Update 20th of March: GitHub detail a possible attack and its protection:

> SHA-1 names can be assigned trust through various mechanisms. For instance, Git allows you to cryptographically sign a commit or tag. Doing so signs only the commit or tag object itself, which in turn points to other objects containing the actual file data by using their SHA-1 names. A collision in those objects could produce a signature which appears valid, but which points to different data than the signer intended. In such an attack the signer only sees one half of the collision, and the victim sees the other half.

Protection:

> The recent attack uses special techniques to exploit weaknesses in the SHA-1 algorithm that find a collision in much less time. These techniques leave a pattern in the bytes which can be detected when computing the SHA-1 of either half of a colliding pair.
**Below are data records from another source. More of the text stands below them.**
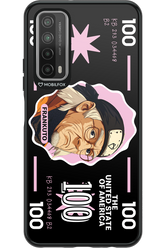 FRANKUTO - Huawei P Smart 2021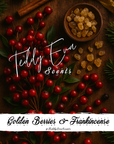 Golden Berries & Frankincense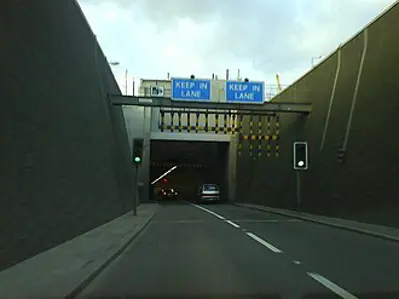 1897 the first blackwall tunnel under the river thames was opened 05 22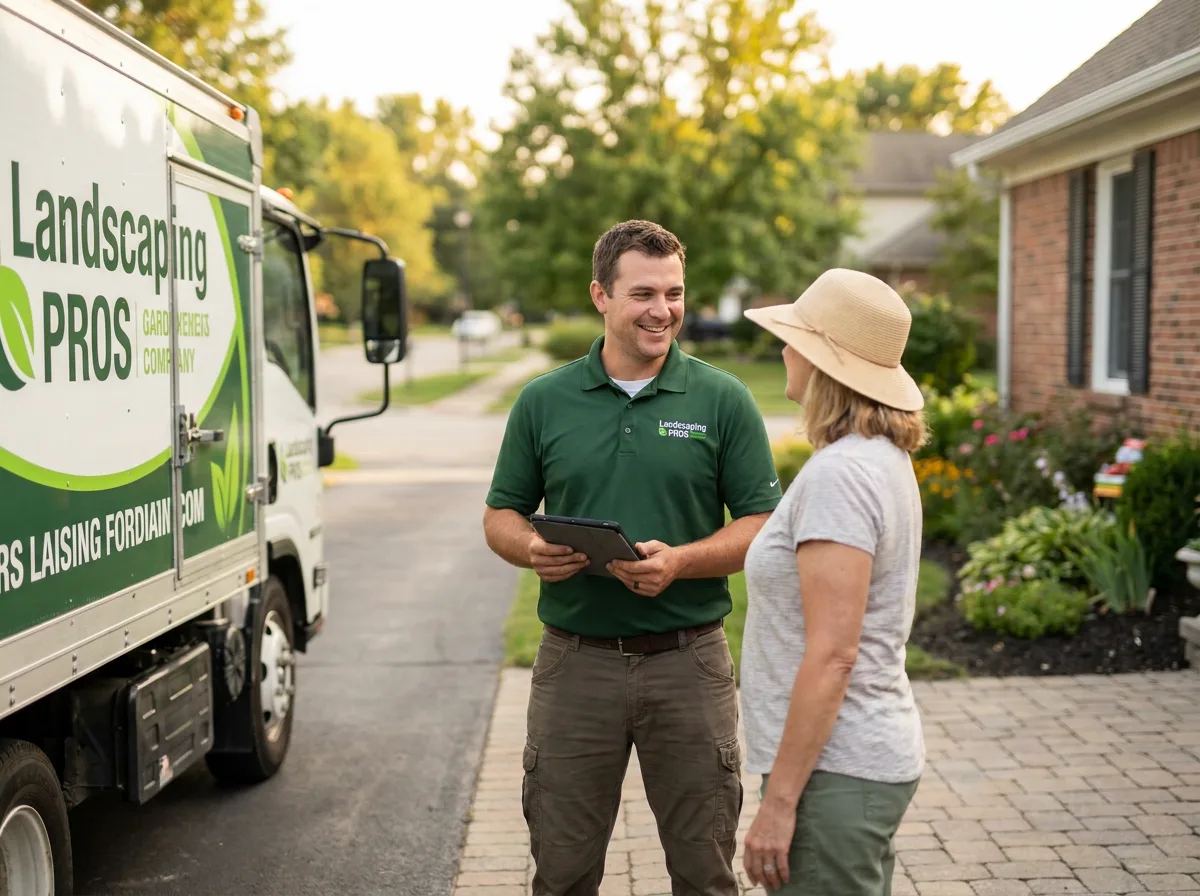 Landscaping Cannelton, WV FAQs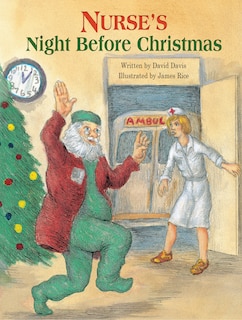 Couverture_Nurse's Night Before Christmas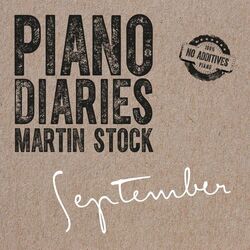 Cover of Piano Diaries - September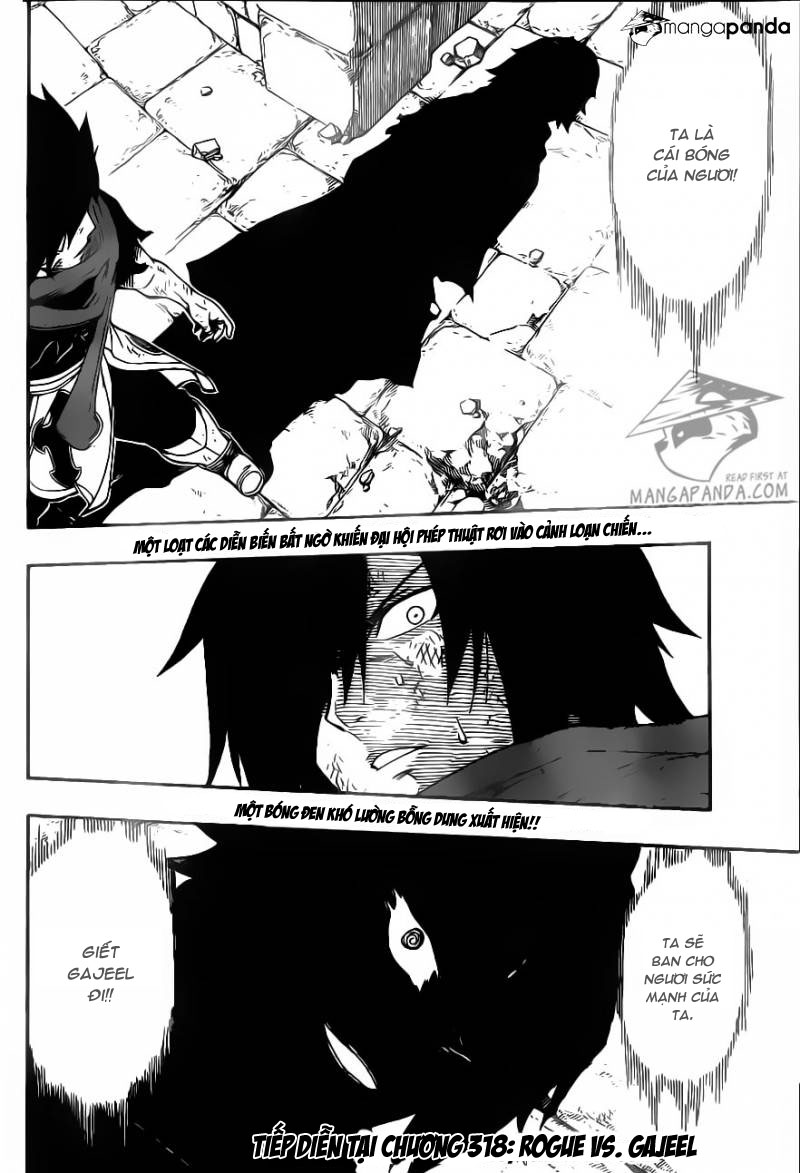 Fairy Tail Tập 317 trang 26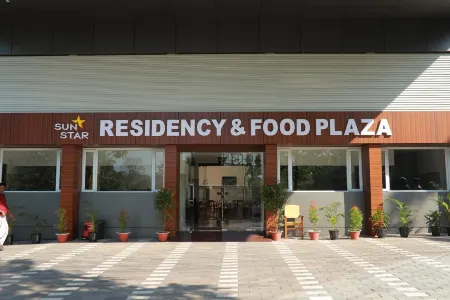 Sunstar Residency & Food Plaza Pala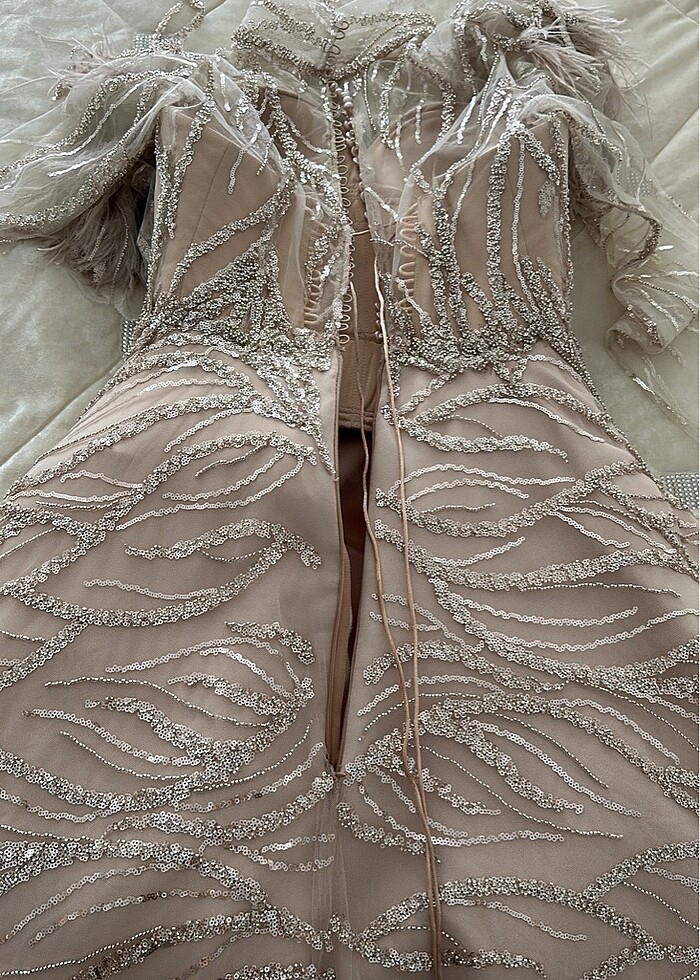 Özel dikim Abiye - Görsel 5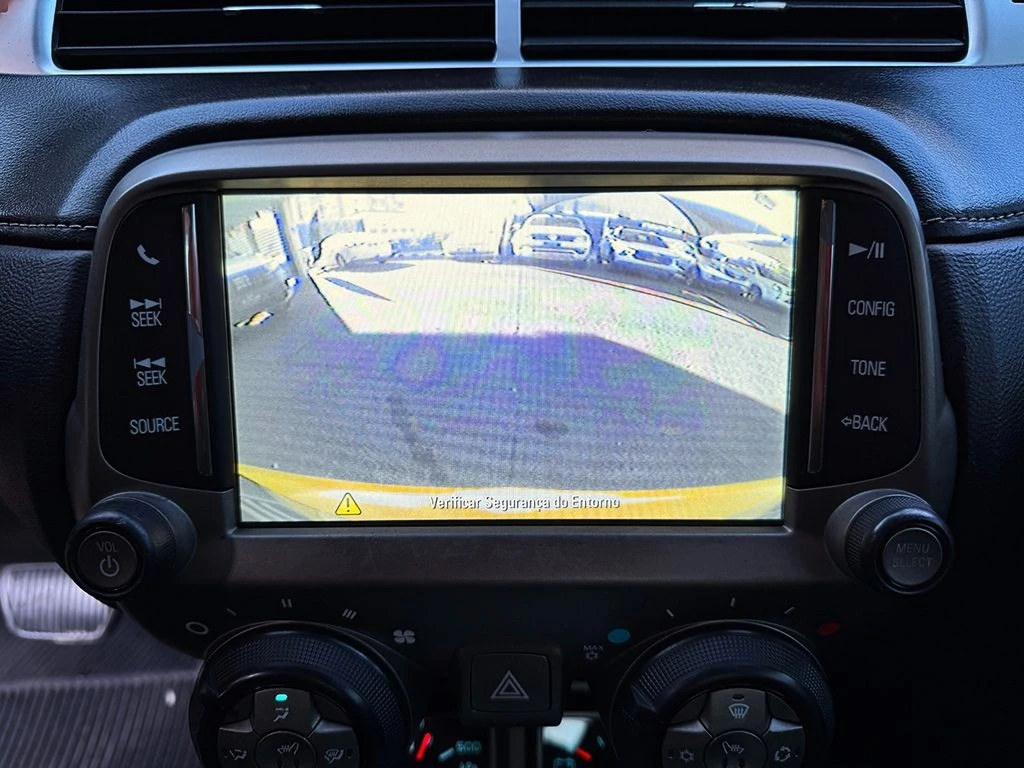 CHEVROLET CAMARO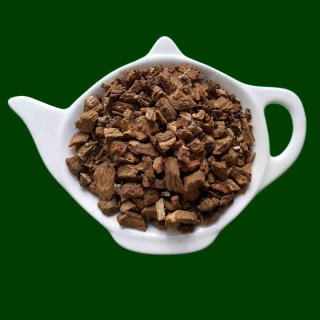 LOPUCH VĚTŠÍ kořen sypaný bylinný čaj | Centrum bylin
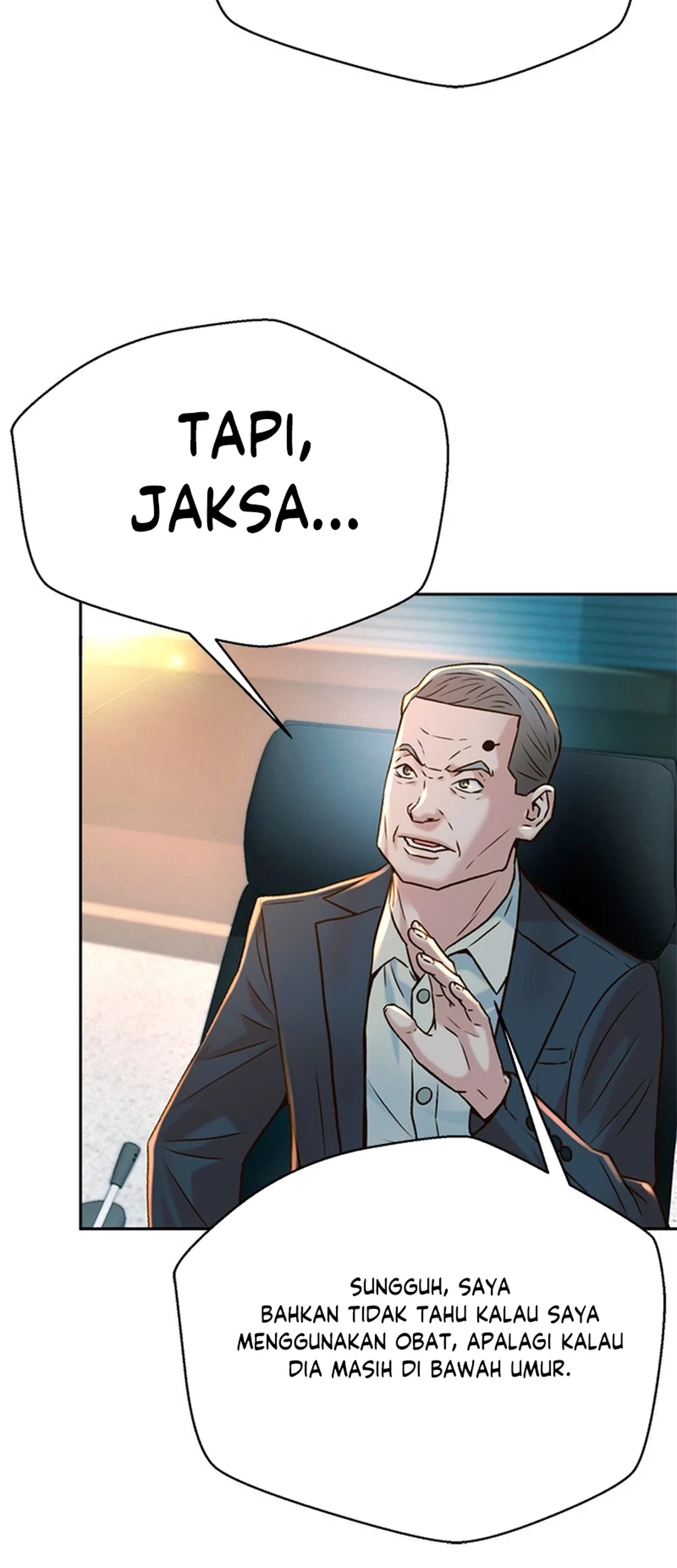 Judge Lee Han Young Chapter 140 Gambar 6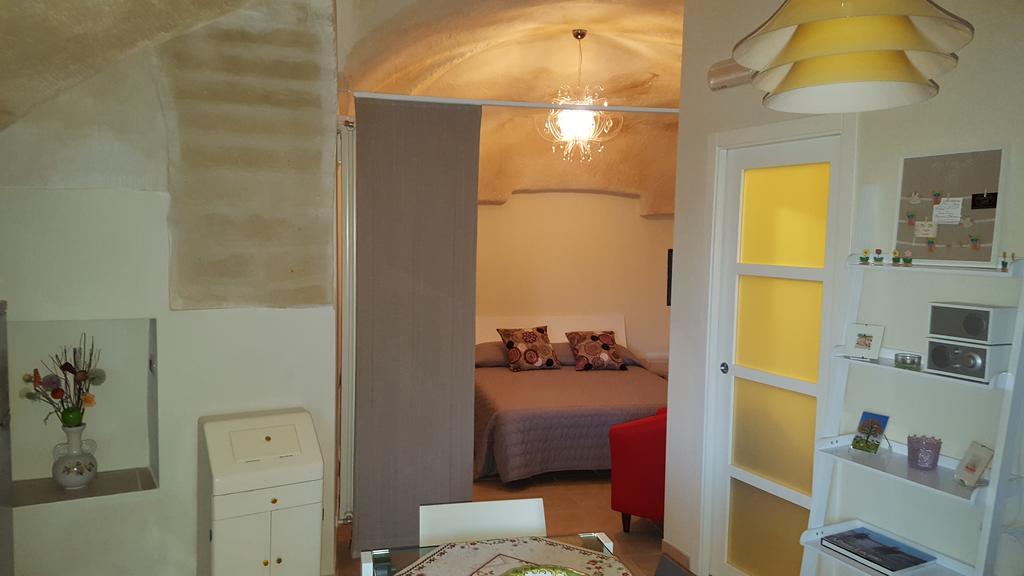 Casa Il Gufo E La Pupa Villa Matera Rom bilde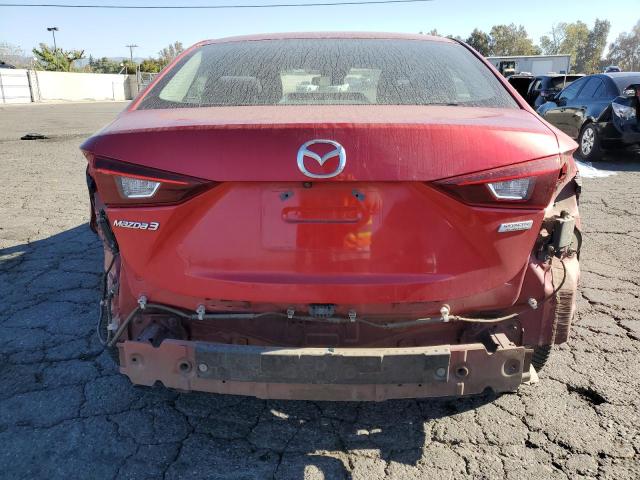 3MZBN1U79JM159845 - 2018 MAZDA 3 SPORT BURGUNDY photo 6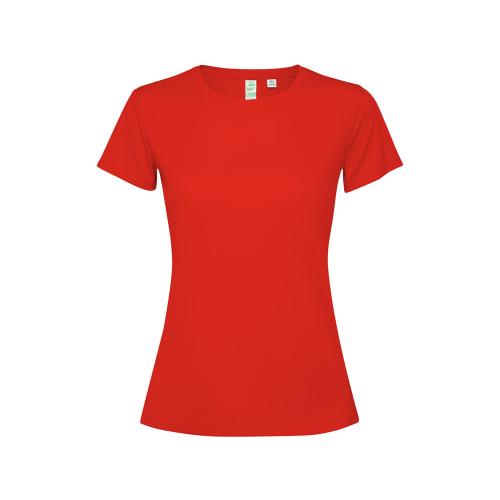 Футболка Estoril женская, красный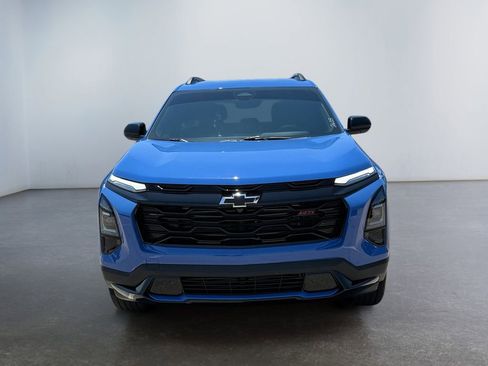 Used 2026 Chevrolet Equinox RS w/ Convenience Package III FWD image 8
> GitHub.com now performs this detection for each SHA-1 it computes, and aborts the operation if there is evidence that the object is half of a colliding pair. That prevents attackers from using GitHub to convince a project to accept the "innocent" half of their collision, as well as preventing them from hosting the malicious half.

See "sha1collisiondetection" by Marc Stevens

---

Again, with Q1 2018 Git 2.16 adding a structure representing hash algorithm, the implementation of a transition to a new hash has started.
As mentioned above, the new supported Hash will be SHA-256.

I think cryptographers would celebrate.

Quote from Wikipedia article on SHA-1:

> In February 2005, an attack by Xiaoyun Wang, Yiqun Lisa Yin, and Hongbo Yu was announced. The attacks can find collisions in the full version of SHA-1, requiring fewer than 2^69 operations. (A brute-force search would require 2^80 operations.)

There are several different attack models for hashes like SHA-1, but the one usually discussed is collision search, including Marc Stevens' HashClash tool.

> "As of 2012, the most efficient attack against SHA-1 is considered to > be the one by Marc Stevens[34] with an estimated cost of $2.77M to > break a single hash value by renting CPU power from cloud servers."

As folks pointed out, you could force a hash collision with git, but doing so won't overwrite the existing objects in another repository. I'd imagine even git push -f --no-thin won't overwrite the existing objects, but not 100% sure.

That said, if you hack into a remote repository then you could make your false object the older one there, possibly embedding hacked code into an open source project on github or similar. If you were careful then maybe you could introduce a hacked version that new users downloaded.

I suspect however that many things the project's developers might do could either expose or accidentally destroy your multi-million dollar hack. In particular, that's a lot of money down the drain if some developer, who you didn't hack, ever runs the aforementioned git push --no-thin after modifying the effected files, sometimes even without the --no-thin depending.